The general collections in the NNC contain digitized written texts collected opportunistically from a wide range of sources such as internet webs, newspapers, books, publishers, and authors. These texts of nearly 14 million words keyboarded in various fonts have been unicodified with a software called ‘Font Converter’ , developed at Bhashasanchar Project to convert non-unicode fonts such as Kantipur, Preeti, Jag Himali, etc. into Unicode, and tagged using XML markup and automatic POS tagger.
The texts in the general collections are arranged according to their types.
1. Web-texts (collected during March 2005 to May 2006)
These texts are classified according to their web addresses and are further classified as per their text types (for example, anthropology, art, business, crime, criticism, education, editorial, health, news, law, opinion, sport, politics etc.) and publication date, e.g. kantipur-editorial-2061-12-15.
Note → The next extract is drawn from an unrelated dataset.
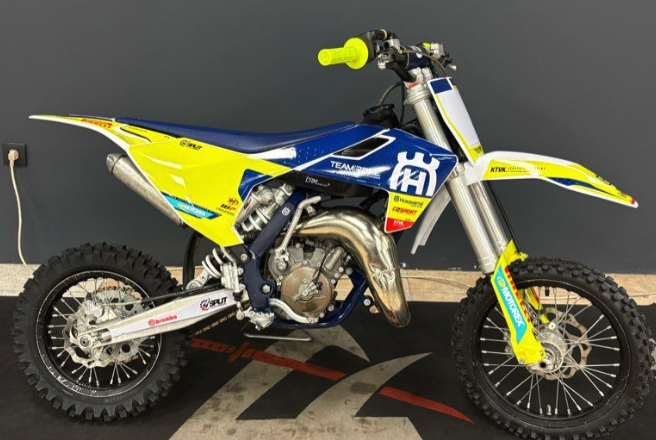 Husqvarna 65 TC - Pyramide Motos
2. Books (69 books of different genre and size)
Books are identified according to their genre, title and publication date. For example, alikhit by Dhruva Chandra Gautam has been named as ‘book-fiction-alikhit-2058’.
3. Newspaper/journal (complete text of a newspaper or a journal without classification)
In this class we have texts from 94 issues for himalkhabar patrika. Each file has been named after their name and publication date, e.g.himalkhabarpatrika-2057-05-01.